National Mining Association (NMA) President and CEO Hal Quinn testified this morning at the Environmental Protection Agency’s (EPA) public hearing in Washington, D.C. highlighting the flaws that undermine the agency’s proposed regulation for reducing greenhouse gases from existing power plants. In the following statement, Quinn summarizes why “this stunning attempt to remake the nation’s entire electric grid” will weaken the nation’s manufacturing base and grid reliability, burden households with high energy costs and deprive states of the flexibility to manage their energy economies:
“EPA’s proposal is another step in this administration’s policies designed to eliminate low cost and reliable electricity and replace it with more expensive and less reliable sources. By reducing the diversity of our nation’s electricity supply and raising its costs, EPA will create a structural barrier for our economic recovery and future growth.
“Entirely missing in action from this proposal is recognition of the value of generation diversity to the stability of power supplies and prices. Coal-based power plants were vitally important this past winter, supplying 92 percent of the incremental demand for power. When many of these plants are no longer available in harsh winters to come, the nation will literally pay the price for EPA’s flawed rule.
“Higher electricity and gas prices will make U.S. manufacturing less competitive and deprive families of disposable income as they spend more to light, heat and cool their homes. In those regions where coal generation serves as the primary source of electricity, retail electricity rates are 30-50 percent lower than the regions where coal generation is a lower share of electricity.
“EPA’s proposal rests on a weak foundation. Among the rule’s assumptions – or ‘building blocks’ – are unrealistic efficiency gains anticipated from coal-based power plants. Prior EPA rules have made these plants less efficient. The present proposal will force many coal plants to run at reduced or sub-optimal levels.
“The more substantial efficiency gains possible in the coal fleet are taken off the table by EPA’s rule for new plants that requires technology that actually reduces plant efficiency by up to 25 percent. EPA’s assumption of a 1.5 percent growth in year-over-year energy efficiency gains nationwide illustrates the gap between wishes and reality as states with the lowest retail power prices will see the rising cost of the next increment of energy efficiency.
“Similarly unrealistic is EPA’s assumption that gas plants can run at a 70 percent capacity factor. There is no technical or economic evidence that they can sustain generation at this level.

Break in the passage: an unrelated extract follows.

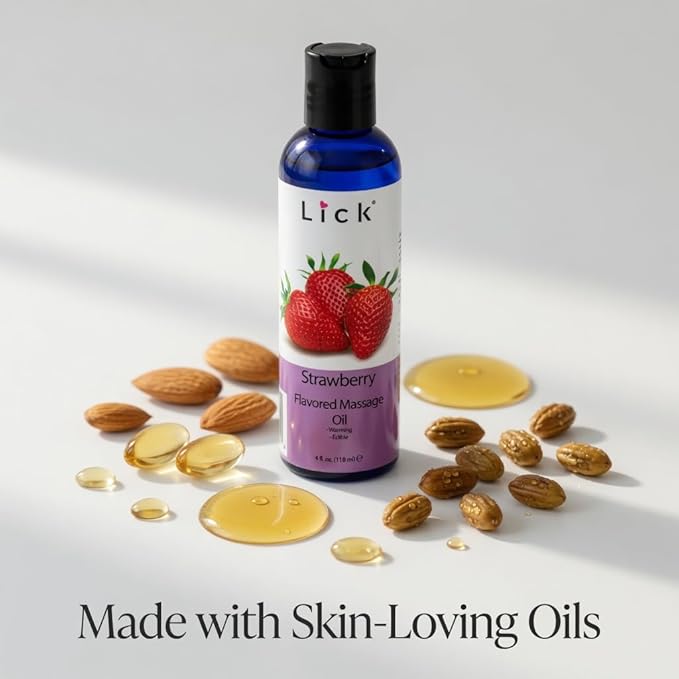 Lick Strawberry Flavored Massage Oil with Natural Vitamin E - Aromatherapy & Moisturizing Body Oil for Relaxing Muscle Massage - Essential Non-Sticky Skin Therapy for Men and Women - 4 oz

EPA’s goal for intermittent, renewable sources is not credible either. These sources are called ‘intermittent’ for a reason: their performance is highly variable daily and seasonally.
“EPA touts the flexibility it offers states. But as each of these ‘building blocks’ crumbles, the rule places states into a straightjacket forcing them to make increasingly painful and economically risky adjustments to meet target reductions.
“Many questions must still be answered about this rule and its implementation, but there is already one certainty: the costs and risks are real and substantial; the benefits are not.”